Scalable Recommender Systems with NVTabular- A Fast Tabular Data Loading and Transformation Library

Ronay Ak

Published in

RAPIDS AI

9 min readJul 23, 2020

By: Ronay Ak, Even Oldridge, Julio Perez, and Benedikt Schifferer

Introduction

Recommender Systems (RecSys) are part of our daily lives. When we visit a website, we all experience that a list of recommendations appears for a product, content, and/or service. Netflix’s movie recommendations or Spotify’s playlist recommendations can be given as an example.

RecSys plays a critical role in motivating users to spend more time on online platforms, and therefore, drives user engagement.

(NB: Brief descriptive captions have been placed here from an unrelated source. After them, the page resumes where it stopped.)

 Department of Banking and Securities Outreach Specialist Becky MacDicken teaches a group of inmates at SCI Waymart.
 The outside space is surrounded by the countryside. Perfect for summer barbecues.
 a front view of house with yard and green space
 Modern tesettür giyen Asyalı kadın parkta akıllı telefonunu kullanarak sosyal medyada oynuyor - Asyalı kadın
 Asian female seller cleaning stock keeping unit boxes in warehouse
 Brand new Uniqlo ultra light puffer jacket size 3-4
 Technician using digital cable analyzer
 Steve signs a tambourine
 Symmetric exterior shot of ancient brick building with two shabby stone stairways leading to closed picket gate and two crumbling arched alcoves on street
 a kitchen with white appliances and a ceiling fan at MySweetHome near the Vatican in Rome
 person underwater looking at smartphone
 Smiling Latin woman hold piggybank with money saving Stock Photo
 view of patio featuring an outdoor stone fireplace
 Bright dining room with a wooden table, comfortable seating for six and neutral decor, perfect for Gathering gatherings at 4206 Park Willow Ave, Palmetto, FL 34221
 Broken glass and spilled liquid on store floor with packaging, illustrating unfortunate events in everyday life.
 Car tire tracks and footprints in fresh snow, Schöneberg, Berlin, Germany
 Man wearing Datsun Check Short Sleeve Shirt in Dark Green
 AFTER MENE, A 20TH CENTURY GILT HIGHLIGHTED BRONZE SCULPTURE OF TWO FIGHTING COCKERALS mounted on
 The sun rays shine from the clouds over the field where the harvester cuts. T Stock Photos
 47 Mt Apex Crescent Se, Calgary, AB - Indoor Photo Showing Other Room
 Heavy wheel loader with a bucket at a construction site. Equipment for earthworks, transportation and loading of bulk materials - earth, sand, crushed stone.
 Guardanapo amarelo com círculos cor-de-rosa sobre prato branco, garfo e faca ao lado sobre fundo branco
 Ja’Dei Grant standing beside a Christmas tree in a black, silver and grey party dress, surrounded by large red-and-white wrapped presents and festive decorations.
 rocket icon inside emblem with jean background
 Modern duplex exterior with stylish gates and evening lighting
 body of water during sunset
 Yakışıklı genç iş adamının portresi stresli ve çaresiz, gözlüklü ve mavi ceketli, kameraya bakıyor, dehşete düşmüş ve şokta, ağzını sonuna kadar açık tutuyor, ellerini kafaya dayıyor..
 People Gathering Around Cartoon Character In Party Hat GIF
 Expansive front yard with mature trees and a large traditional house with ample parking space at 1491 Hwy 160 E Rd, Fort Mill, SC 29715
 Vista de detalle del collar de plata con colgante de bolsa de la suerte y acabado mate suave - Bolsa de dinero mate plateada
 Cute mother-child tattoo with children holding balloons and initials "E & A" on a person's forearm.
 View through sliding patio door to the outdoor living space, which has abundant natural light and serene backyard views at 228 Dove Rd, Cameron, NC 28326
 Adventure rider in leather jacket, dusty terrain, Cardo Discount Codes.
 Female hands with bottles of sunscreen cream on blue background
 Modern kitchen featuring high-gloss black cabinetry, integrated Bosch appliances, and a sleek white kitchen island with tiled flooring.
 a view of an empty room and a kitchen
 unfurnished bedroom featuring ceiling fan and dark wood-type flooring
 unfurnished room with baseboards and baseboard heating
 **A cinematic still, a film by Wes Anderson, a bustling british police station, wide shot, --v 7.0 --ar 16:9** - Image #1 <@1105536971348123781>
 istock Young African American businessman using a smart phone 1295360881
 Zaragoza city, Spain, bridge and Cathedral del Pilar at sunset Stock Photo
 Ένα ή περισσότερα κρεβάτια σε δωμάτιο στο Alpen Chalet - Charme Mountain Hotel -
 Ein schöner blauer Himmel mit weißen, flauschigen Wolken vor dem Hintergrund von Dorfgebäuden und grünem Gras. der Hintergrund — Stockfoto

Deep learning (DL) based recommender systems have gained more attention in recent years due to their ability to generate relevant personalized recommendations. DL-based models can better capture the complex user-item interaction patterns by processing terabytes of data of customer and item information, user interactions, ratings, etc. However, there are performance bottlenecks in building a large-scale DL-based recommender system with such high volumes of data:

Data ETL (extract-transform-load) takes a considerable amount of time,
Feature engineering experiments create numerous sets of new features from existing ones, which are then tested for effectiveness,
Data loading at train time can become the input bottleneck, if not well optimized, leading to the under-utilization of high-throughput computing devices such as GPUs.

Training Pipeline for a Recommender System.

The entire data ETL, engineering, training, and evaluation process likely must be repeated many times on many model architectures, requiring significant computational resources and time. Even after being deployed, you would want your recommender system to maintain high accuracy over time that requires periodic retraining to account for model drift. For all these reasons, accelerating data preparation is critical to address the volume and scale that large-scale recommender systems require.

Speeding up the Data Pipeline

As we mentioned above, the ETL and feature engineering steps in large-scale recommender systems often take longer than model training and hyperparameter optimization. This is especially true in CPU workflows. So, how can we run ETL much faster than training to quickly and easily manipulate terabyte-scale tabular datasets? After running into this problem ourselves too many times to count we have developed NVTabular, a feature engineering and preprocessing library for recommender systems. NVTabular provides a high-level abstraction to simplify code and accelerates computation on the GPU using RAPIDS data frame library, cuDF.

NVTabular is one of the building blocks of NVIDIA Merlin, an open source, GPU-accelerated recommendation framework that scales to datasets and user/item combinations of arbitrary size. Merlin accelerates the entire RecSys pipeline from ingesting and training to deploying GPU-accelerated deep recommender systems. For a detailed blog on Merlin, visit here.

NVIDIA Merlin Deep Recommender Application Framework.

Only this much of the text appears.